Up to 60,000 "air taxi" pilots could be needed by 2028, according to an industry report. Image Credit: Twitter | Gulf News

Air taxis, or the so-called "urban air mobility" (UAM) vehicles, could need up to 60,000 pilots to fly them by 2028, according to a projection by McKinsey & Co.

This is despite the fact that air taxis are, by design, meant to fly autonomously. The projected pilot demand timeline is just four years away from now (May 2024). This figure represents about 17 percent of the total number of commercial pilots in 2018.

In a recent article, the US consulting firm highlighted the challenges of hiring and training tens of thousands of pilots for air taxis – small, electric vertical takeoff and landing (eVTOL) aircraft that offer on-demand passenger services.

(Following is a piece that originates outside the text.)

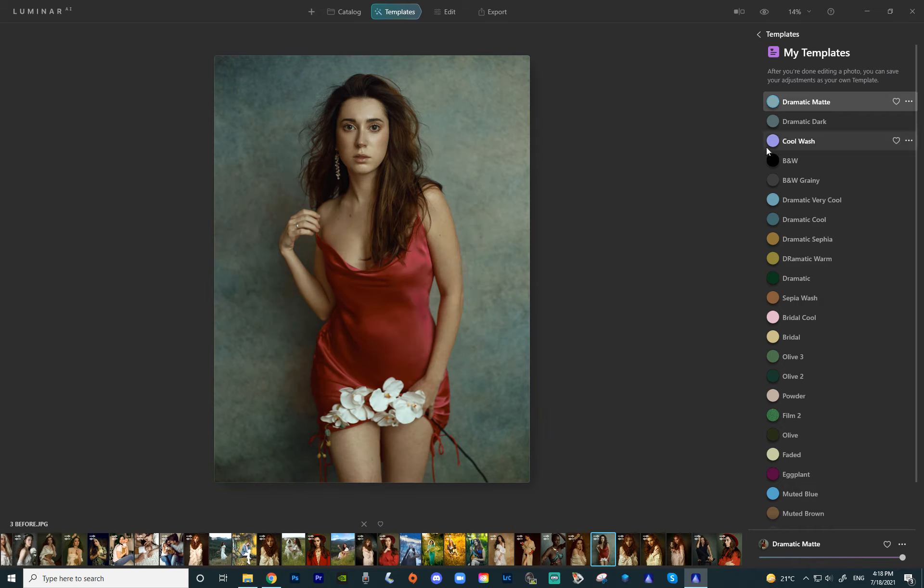Next up we have the cool wash and the sepia wash. I did warm and cool versions of the templates a lot, so you have that option. Here's the cool wash — here's the before and after of the cool wash. And here's the sepia wash.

Piloted 'autonomous' aircraft?

While many eVTOL developers plan to transition to fully autonomous aircraft eventually, the McKinsey research  argues that pilots are essential for UAM’s “near-term” success.

VTOL aircraft
There are quite a few competitors in the global VTOL aircraft market. This is driven by cutting-edge developments in battery technology, AI and machine learning to boost the quality, safety and efficiency of products, as well as legislation. Image Credit: LinkedIn

“That could take a decade or more because of technology issues, regulatory concerns, and the need to gain public acceptance,” the consulting firm stated.

“Until autonomous flight of hundreds or thousands of vehicles above cities across the globe becomes a reality, the industry must recruit, train, and deploy thousands of pilots — an important but much less visible challenge than other issues associated with UAM.”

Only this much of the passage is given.